(What you should do): Print all of the data below exactly as it appears, leaving out every image.

□ □ □

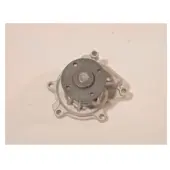 AISIN WPD-907 Waterpomp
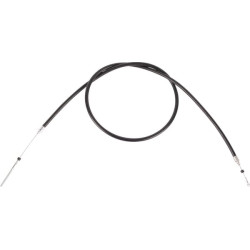 New Holland TN65N 47129209 Cable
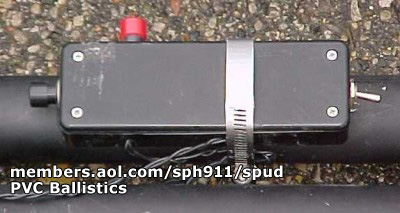 spudgun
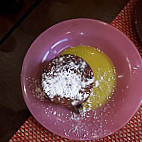 Il Golosone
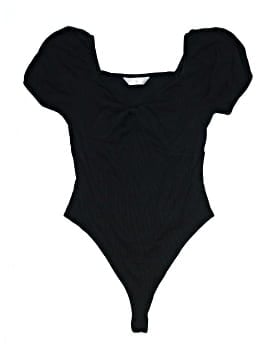 Lc Lauren Conrad Bodysuit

□ □ □

(Task response):
 AISIN WPD-907 Waterpomp
 New Holland TN65N 47129209 Cable
 spudgun
 Il Golosone
 Lc Lauren Conrad Bodysuit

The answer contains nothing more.